11. Any Given Sunday
Is known as the gold standard of football movies. Lots of football movies have great action, lots of movies have sports-related drama. Lots of these movies have meaningful drama. Any Given Sunday is one of the few that puts all of these things together. In addition to being such an excellent film, it captures the dark side of the big business that is the National Football League (NFL) while still feeling like a celebration of the sport.
12. Remember the Titans
It tells the story of real-life coach Herman Boone and the work that came along with integrating a high school football team in Virginia in 1971. It’s an optimistic vision of racial harmony while also being allowed to take a look at what sports, at their peak, can do for groups of people who might not otherwise get along.
13. The Express
Ernie Davis, the main character is born into poverty. Despite that, he overcomes many obstacles to get into Syracuse University’s football program. Under the guidance of Coach Ben Schwartzwalder, Ernie Davis becomes one of the school’s best players. In 1961 Ernie Davis becomes the first black player to win the Heisman Trophy, but there is one more obstacle in his life that he must overcome.
Without ruining another good ending and giving you play-for-play information about the movie this is definitely a movie that you need to watch. It has great historical moments and is perfect for high school kids who are destined to step foot into the National League. Add this to your collection of Black History Month Moments worthy of praise.
14. Rudy
Based on real life, Rudy is the story of Daniel “Rudy” Ruettiger. Rudy grows up worshiping the Notre Dame football team — he even spends time memorizing and acting out the aforementioned “win one for the Gipper” speech from Knute Rockne, An all-American.

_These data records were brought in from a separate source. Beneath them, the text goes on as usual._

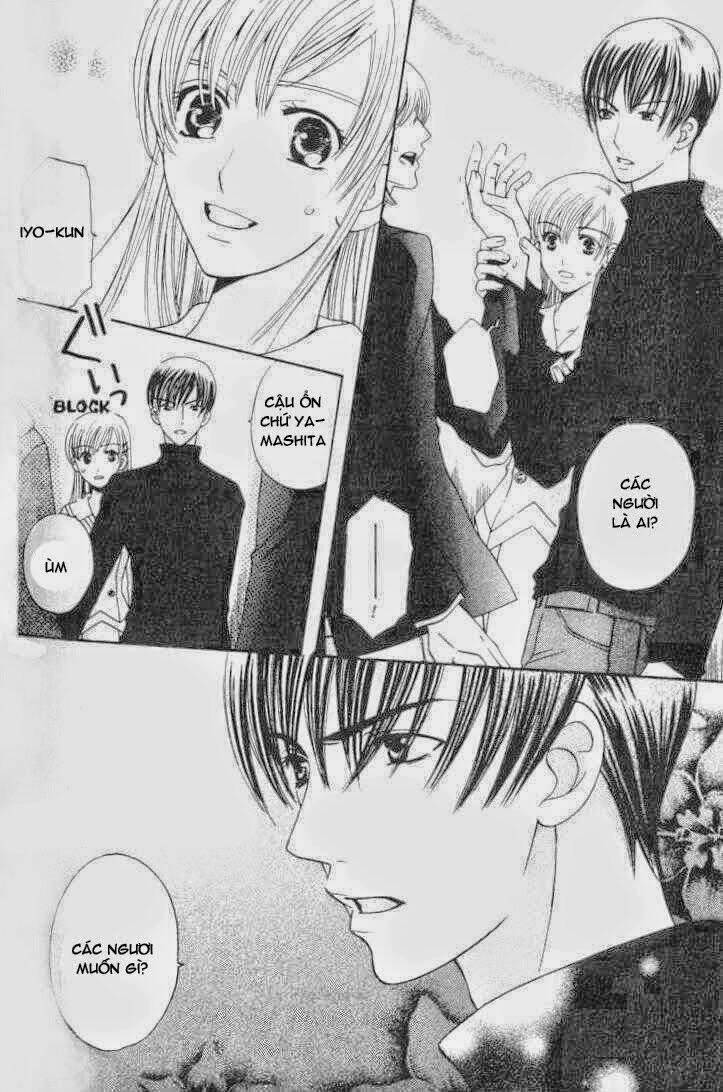 vị nữ thần cuối cùng - ultimate venus chapter 8 18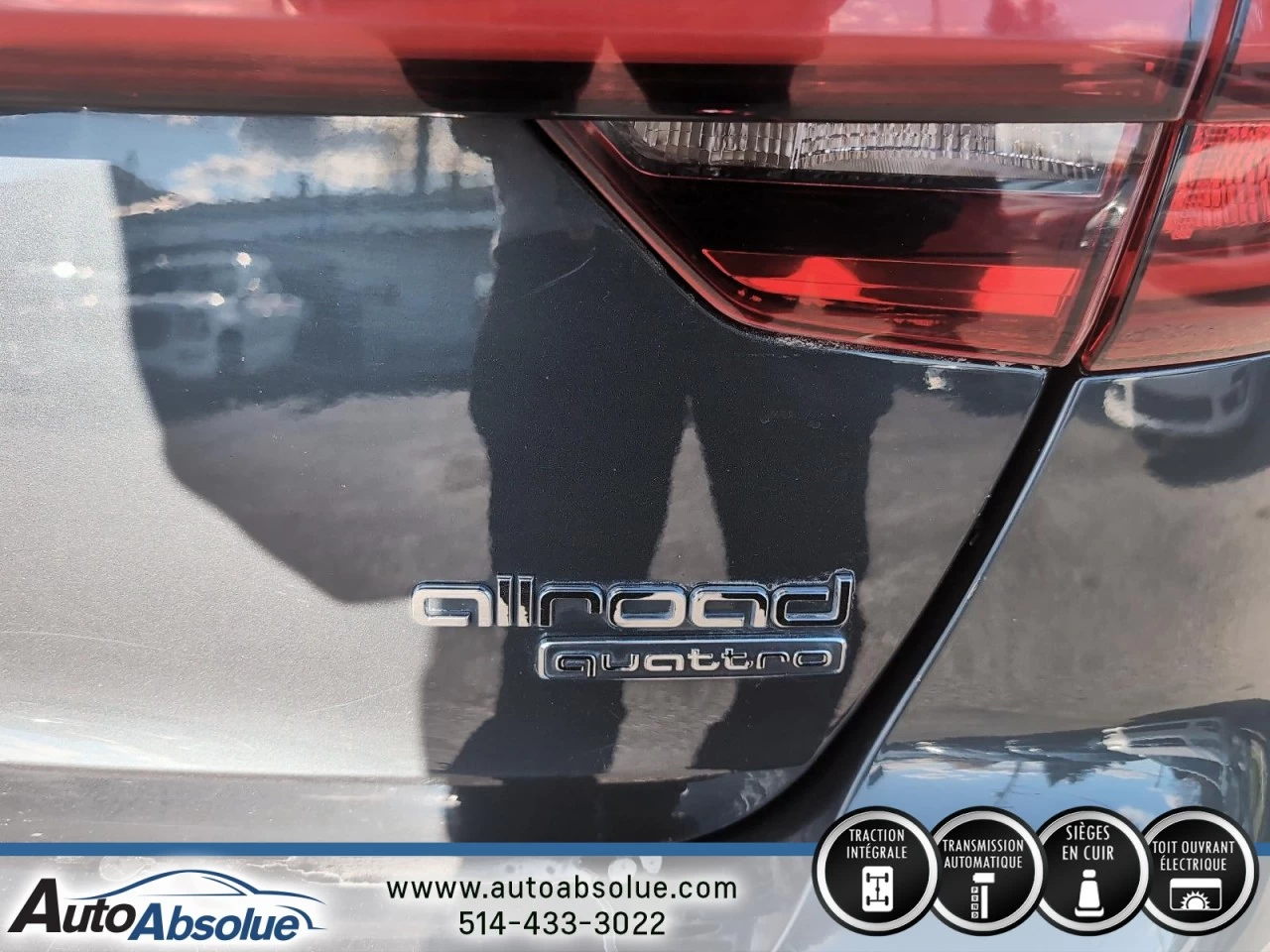 2018 Audi A4 allroad Komfort Image principale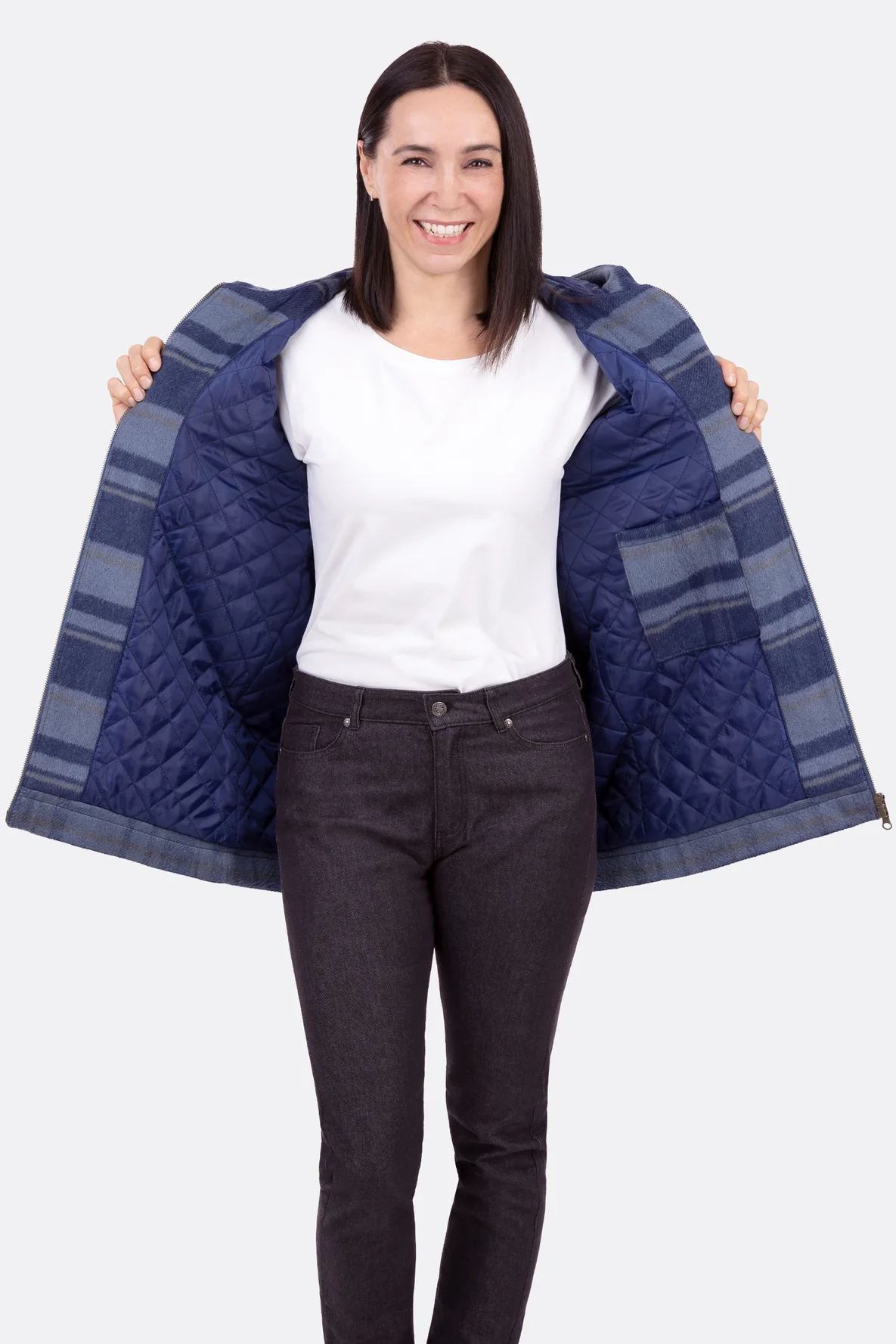 Futter-Schnittmuster für Damen Anorak Skylar zum Selbernähen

His only goal in life is to play football at Notre Dame, and through an absurd amount of perseverance, for one shining moment he gets to do just that. Rudy is really the quintessential football movie because it’s a movie about loving football. One of the most charming things about it is that we never even really understand why Rudy loves it so much he just does, and we believe him. That kind of pure joy is the fuel that powers any good sports movie, and it’s a huge part of why we love them so much.
15. Varsity blues
Varsity Blues is a 1999 American coming-of-age sports comedy-drama film that follows a small-town high school football team through a tumultuous season. During the film the players must deal with the pressures of adolescence and their football-obsessed community while having their overbearing coach constantly on their back. In the small fictional town of West Canaan, Texas, football is a way of life and losing is not an option.
16. The Replacements
The Replacements is a 2000 American and British sports comedy film. The movie is based on the 1987 NFL strike, specifically the Washington Redskins, who won all three replacement games without any of their regular players and went on to win Super Bowl XXII. Late in the season, the playoffs are fast approaching and the Washington Sentinels have just gone on strike.
Scrambling for a solution, the Sentinels’ owner Edward O’Neil hatches a plan to bring in legendary coach Jimmy McGinty to recruit a team of replacement players in exactly one week. For fans and owners alike, the strike is a disaster. But for Shane Falco and a mismatched crew of outsiders, it is the second chance they’ve waited their whole lives for.